-------- Supplied data

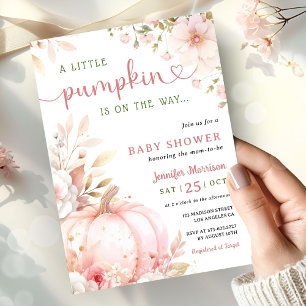 Invitation Petite Citrouille en Route Fille Fête de Naissance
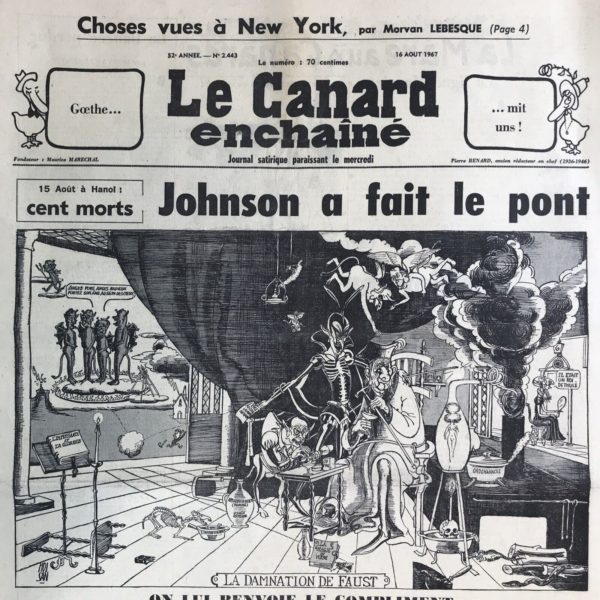 Couac ! | N° 2443 du Canard Enchaîné - 16 Août 1967 | Nos Exemplaires du Canard Enchaîné sont archivés dans de bonnes conditions de conservation (obscurité, hygrométrie maitrisée et faible température), ce qui s'avère indispensable pour des journaux anciens. | 2443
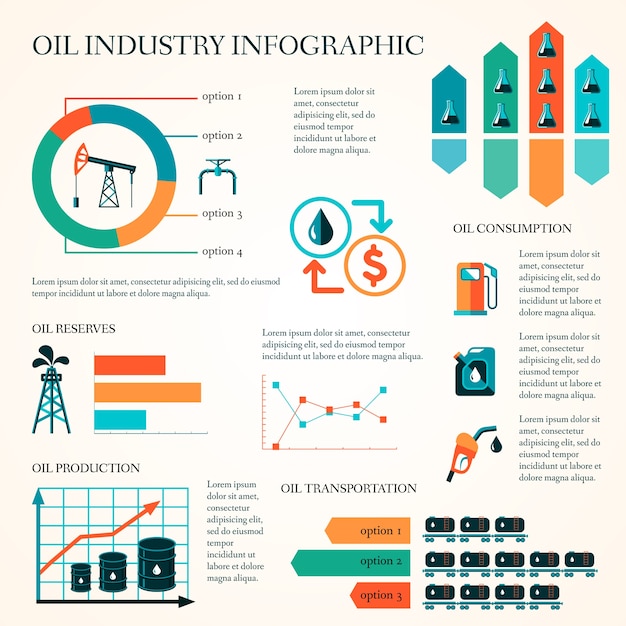 World oil production distribution and petroleum extraction rate infographics diagram layout report presentation design vector illustration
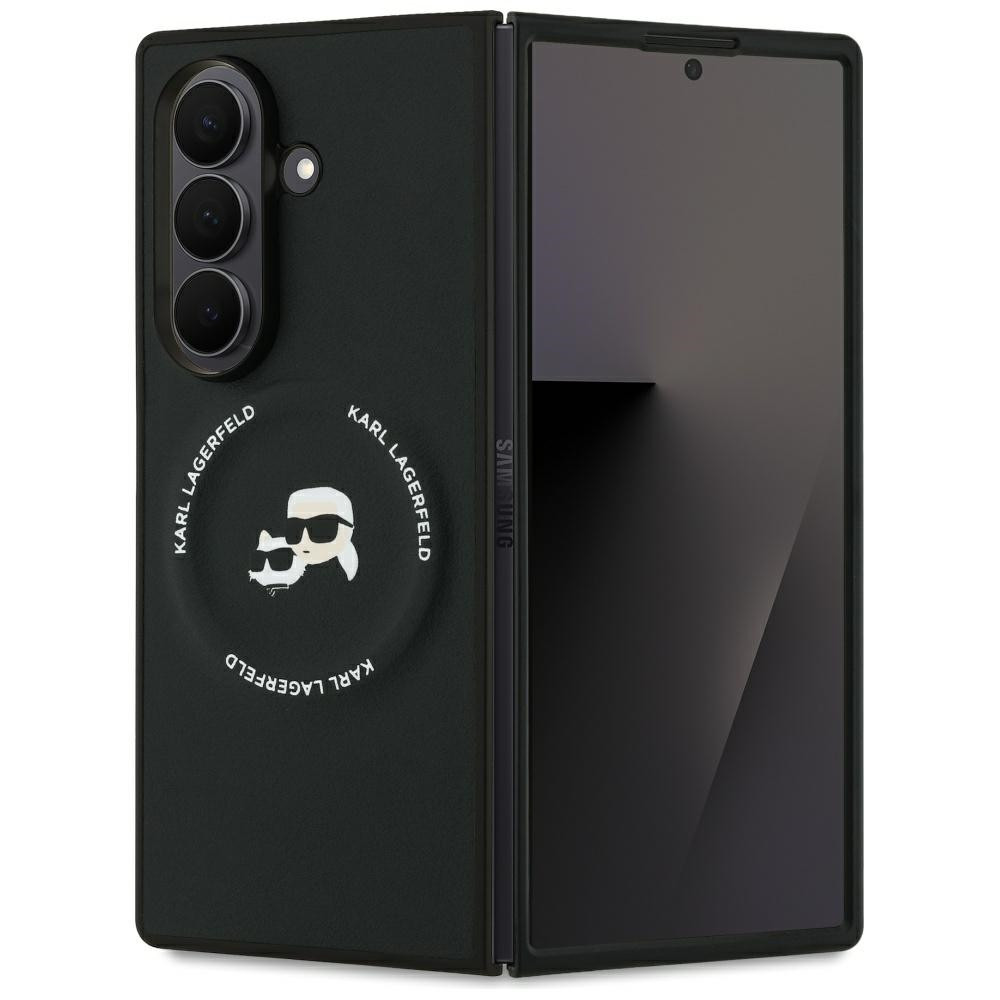 Karl Lagerfeld Karl&Choupette Logo Samsung Galaxy Z Fold 7 MagSafe kompatibilis hátlap tok, fekete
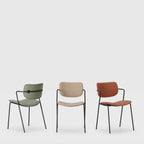 Velura - Lot de 2 chaises en simili cuir et métal - Rouille - 1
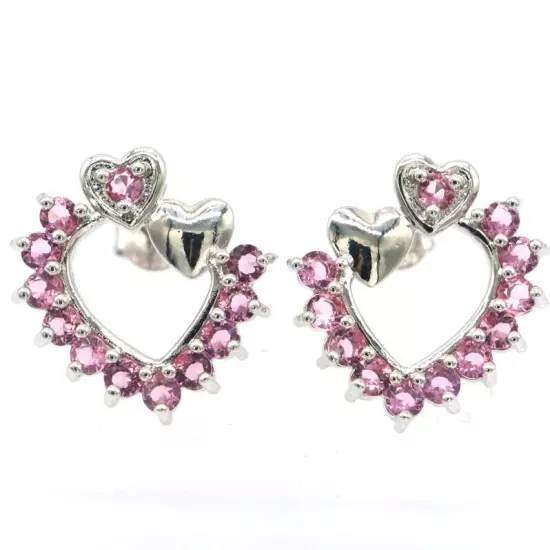 Pretty Heart Shape Pink Tourmaline White CZ Gift For Girls Silver Earrings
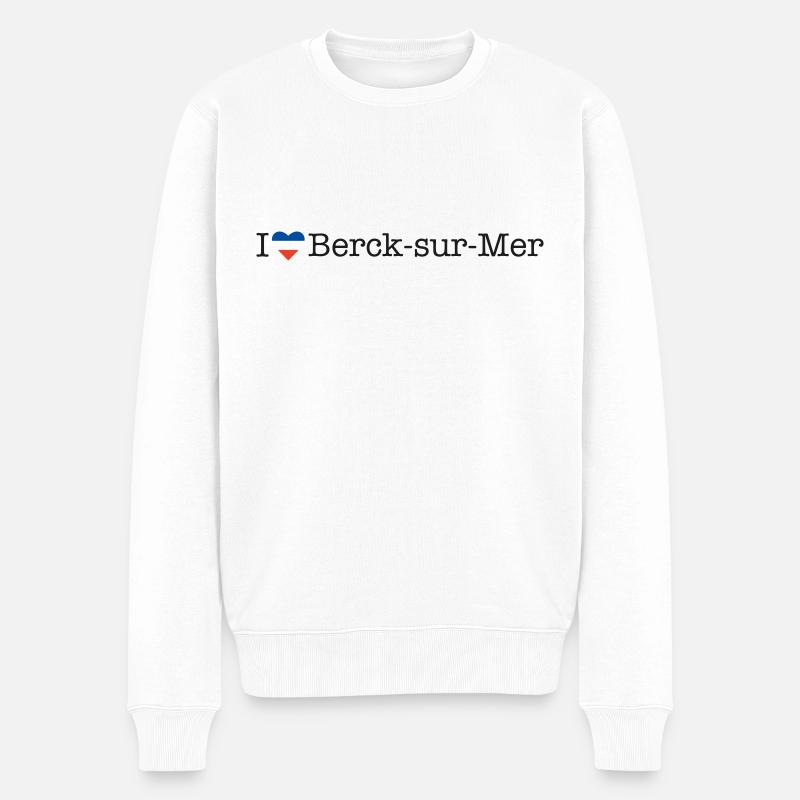 I love Berck sur Mer - Männer Premium Bio Pullover - Weiß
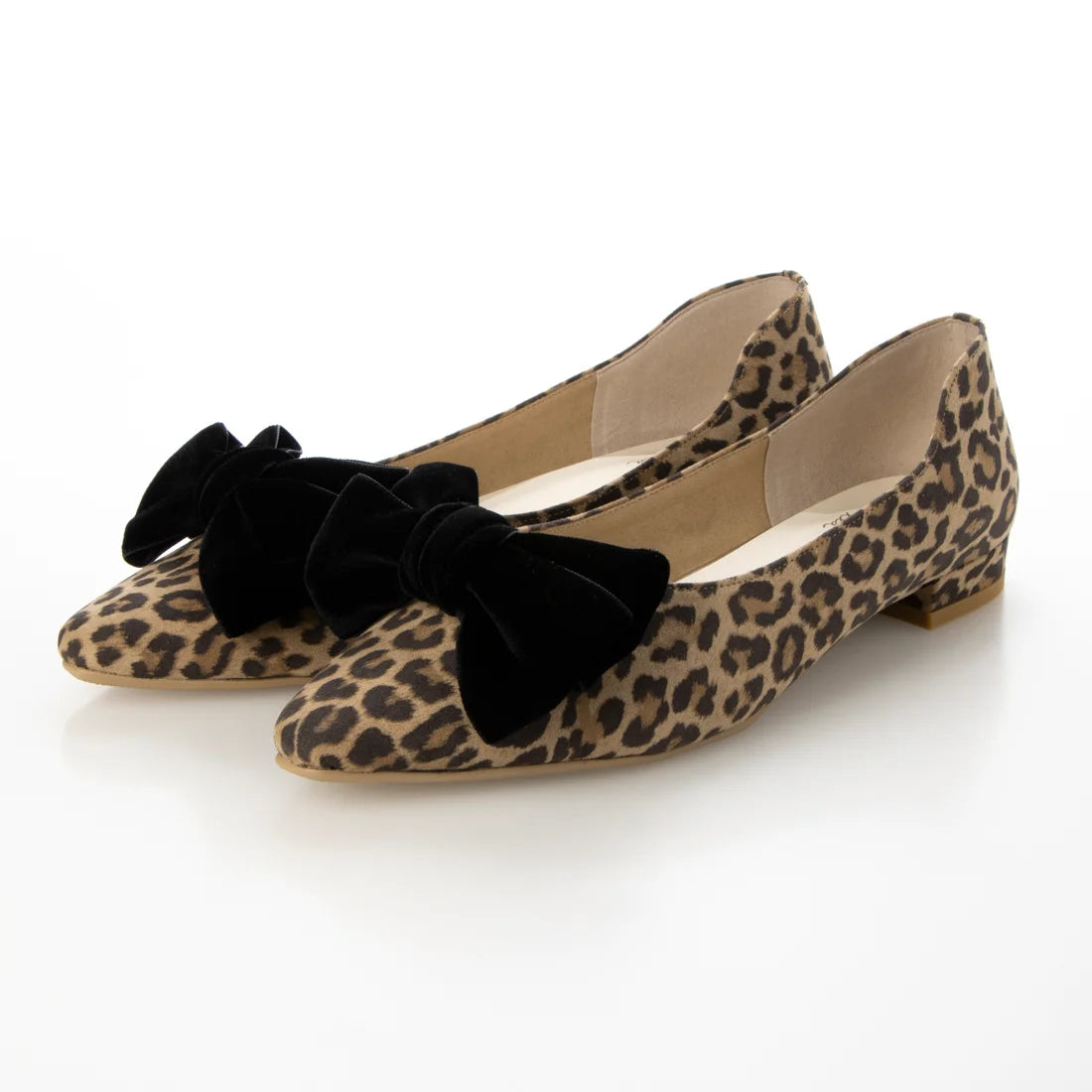 日本製 Launa Lea 絲絨蝴蝶結平底鞋 (460C)(豹紋 S / Leopard S)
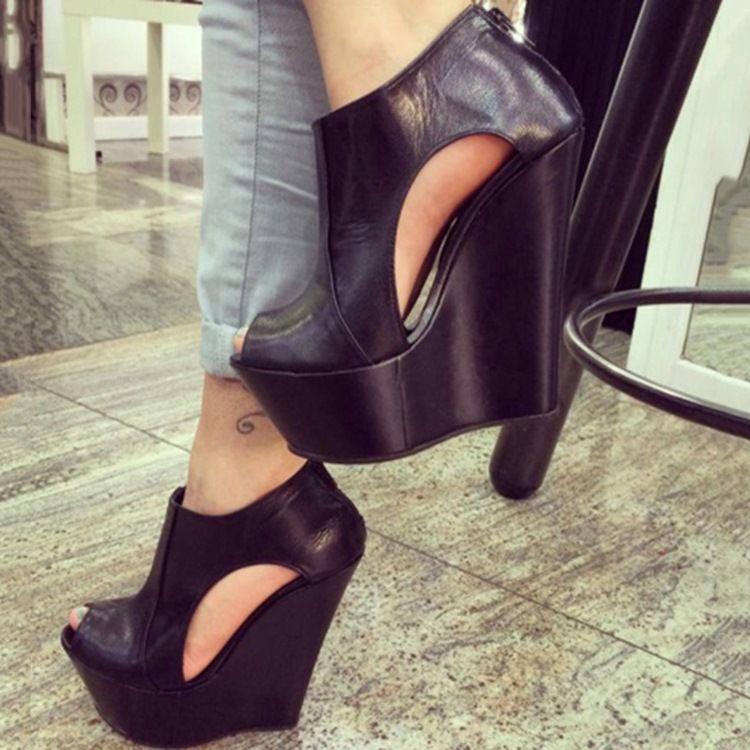 Pu Platform Peep Toe Wedge Sandaler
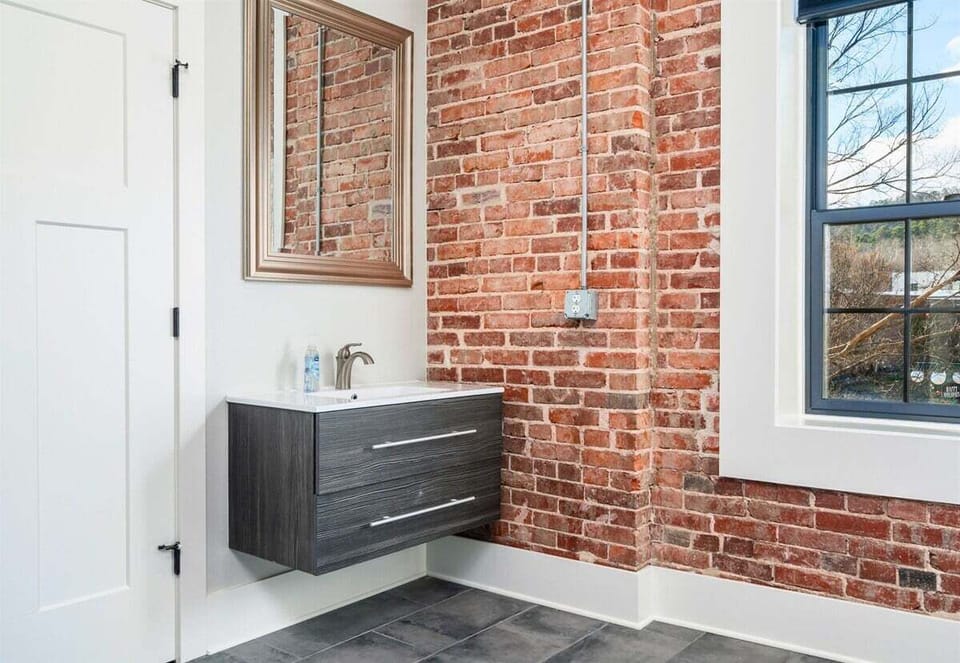 [Vanity] Brick Accent Wall in the Bathroom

----------------

**Directions:**
Reproduce the entire listing above precisely, but keep the images out.

**Solution for this problem:**
 Invitation Petite Citrouille en Route Fille Fête de Naissance
 Couac ! | N° 2443 du Canard Enchaîné - 16 Août 1967 | Nos Exemplaires du Canard Enchaîné sont archivés dans de bonnes conditions de conservation (obscurité, hygrométrie maitrisée et faible température), ce qui s'avère indispensable pour des journaux anciens. | 2443
 World oil production distribution and petroleum extraction rate infographics diagram layout report presentation design vector illustration
 Karl Lagerfeld Karl&Choupette Logo Samsung Galaxy Z Fold 7 MagSafe kompatibilis hátlap tok, fekete
 Velura - Lot de 2 chaises en simili cuir et métal - Rouille - 1
 Pretty Heart Shape Pink Tourmaline White CZ Gift For Girls Silver Earrings
 I love Berck sur Mer - Männer Premium Bio Pullover - Weiß
 日本製 Launa Lea 絲絨蝴蝶結平底鞋 (460C)(豹紋 S / Leopard S)
 Pu Platform Peep Toe Wedge Sandaler
 [Vanity] Brick Accent Wall in the Bathroom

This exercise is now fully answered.